My suspicion is that they are changing the optimal dosing schedule in order to achieve adherence. Whenever I tell them that I promise I will follow a better schedule if one exists, they don’t want to talk about it.

Please sort out peaks versus troughs for me.

R.A.

Answer: Ibuprofen reaches its maximum level in the body about two hours after taking a tablet and will begin going down in the body afterward, due to the liver inactivati­ng the medication. Every two hours or so, half of the dose is metabolize­d. So, four hours after taking the dose, there’s about half the maximum; while at six hours, there is 1/4 of the maximum level. By the time you take another dose, only 1/8 of the medicine is left in the body.

Taking smaller doses more frequently will reduce the difference between the peak level and the lowest level, the trough, which occurs just before you take the next dose. So, if you took 600 mg four times a day, the ibuprofen level in your body would not get below half the maximum during the day.
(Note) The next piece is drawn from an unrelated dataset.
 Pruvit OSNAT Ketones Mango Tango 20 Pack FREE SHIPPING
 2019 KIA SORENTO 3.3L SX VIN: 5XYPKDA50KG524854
With some drugs, it is critically important to minimize the difference between peaks and troughs, but not so with ibuprofen, because it is effective at a very wide range of levels in the blood. It is not particular­ly toxic, however, it should be used at the lowest effective dose for the shortest amount of time necessary.

For ibuprofen, either 800 mg three times a day or 600 mg four times a day (or even 400 mg six times a day) all are likely to provide similar relief of pain and inflammati­on without a high risk of toxicity. But the shorter dosing intervals will probably have a small benefit in effectiven­ess.